Fortunately, the damage from the floods has not been as bad as that of last year which claimed 47 lives and left thousands of people depending on emergency food aid - in comparison, only two deaths have been reported so far this year. This, however, is small comfort to the thousands of Ugandans who find themselves without food and shelter.
These floods and those that came last year continue to expose the inadequacy of our disaster management ministry and its ability to come to the rescue of those in emergency need of food, shelter and treatment.
Unlike last year's floods which apparently took the country by surprise, this year's disaster was predicted as early as August when Disaster Preparedness Minister Prof. Tarsis Kabwegyere warned of flooding in several parts of the country.
While the warning was commendable, the follow-through, in terms of helping vulnerable communities prepare for emergency shelter, food and medical help when the floods came, was simply disastrous.
It is clear that we have not learnt the lessons from last year's floods, including the need to help affected communities rebuild their houses and replant their gardens long after the flood waters have gone.
While it takes a few days of heavy rainfall to flood an area and bring entire communities to their knees, it takes a much longer time and a more sustained effort to help those communities back to their feet.

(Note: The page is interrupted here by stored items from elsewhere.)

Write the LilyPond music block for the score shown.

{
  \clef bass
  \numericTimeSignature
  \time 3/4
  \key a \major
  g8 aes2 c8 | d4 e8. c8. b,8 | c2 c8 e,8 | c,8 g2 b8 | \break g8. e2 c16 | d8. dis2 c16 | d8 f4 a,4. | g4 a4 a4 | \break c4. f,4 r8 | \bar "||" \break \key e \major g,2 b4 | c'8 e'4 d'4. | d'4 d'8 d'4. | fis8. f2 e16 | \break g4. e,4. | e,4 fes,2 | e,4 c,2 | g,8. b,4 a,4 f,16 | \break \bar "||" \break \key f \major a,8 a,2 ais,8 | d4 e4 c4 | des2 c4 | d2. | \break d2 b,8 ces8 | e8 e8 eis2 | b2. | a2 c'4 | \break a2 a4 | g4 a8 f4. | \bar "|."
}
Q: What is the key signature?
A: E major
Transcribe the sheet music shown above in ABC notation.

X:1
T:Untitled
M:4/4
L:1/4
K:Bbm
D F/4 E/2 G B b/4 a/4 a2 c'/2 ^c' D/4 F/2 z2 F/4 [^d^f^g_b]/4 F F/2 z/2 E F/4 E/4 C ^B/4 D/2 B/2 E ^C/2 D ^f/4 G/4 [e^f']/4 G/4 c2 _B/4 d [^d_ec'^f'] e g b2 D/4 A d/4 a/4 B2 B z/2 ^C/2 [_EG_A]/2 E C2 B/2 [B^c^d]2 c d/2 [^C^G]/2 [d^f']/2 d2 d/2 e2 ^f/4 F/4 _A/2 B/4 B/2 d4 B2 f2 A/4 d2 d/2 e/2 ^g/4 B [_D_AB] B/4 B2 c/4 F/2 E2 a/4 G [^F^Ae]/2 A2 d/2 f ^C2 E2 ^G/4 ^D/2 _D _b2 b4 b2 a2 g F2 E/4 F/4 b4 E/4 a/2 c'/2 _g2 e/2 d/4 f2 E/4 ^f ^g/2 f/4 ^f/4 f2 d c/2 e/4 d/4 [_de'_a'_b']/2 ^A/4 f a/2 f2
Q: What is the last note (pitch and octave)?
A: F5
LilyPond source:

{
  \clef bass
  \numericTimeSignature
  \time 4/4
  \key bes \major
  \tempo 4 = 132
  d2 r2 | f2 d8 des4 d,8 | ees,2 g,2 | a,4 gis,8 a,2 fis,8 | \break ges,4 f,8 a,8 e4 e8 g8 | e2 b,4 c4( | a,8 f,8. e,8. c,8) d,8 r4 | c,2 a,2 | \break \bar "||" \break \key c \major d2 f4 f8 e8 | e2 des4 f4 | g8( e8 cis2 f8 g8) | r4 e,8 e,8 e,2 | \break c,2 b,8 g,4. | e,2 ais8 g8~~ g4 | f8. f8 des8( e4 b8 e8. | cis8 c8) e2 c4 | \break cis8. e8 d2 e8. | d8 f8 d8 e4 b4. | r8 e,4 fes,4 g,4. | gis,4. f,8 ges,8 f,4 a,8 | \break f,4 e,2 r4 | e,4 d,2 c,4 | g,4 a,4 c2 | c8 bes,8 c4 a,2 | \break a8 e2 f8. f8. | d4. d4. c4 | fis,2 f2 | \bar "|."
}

The Ministry of Disaster Preparedness has done well in trying to set up an early warning system for some of the predictable disasters. That, however, is the easy part.
The toughest job is during the disaster itself when the government should do all to try and preserve lives and property, and after the disaster, when it should help repair the damage and keep entire communities from barrelling down the road to destitution.
The government should create a Disaster Fund to help affected communities rebuild their lives. Poorer people are often more vulnerable to natural disasters; they need the most help to protect themselves and their families.
The post-disaster recovery efforts should not be left in the hands of NGOs and aid agencies; after all, government's first obligation to all Ugandans is to preserve their lives and property.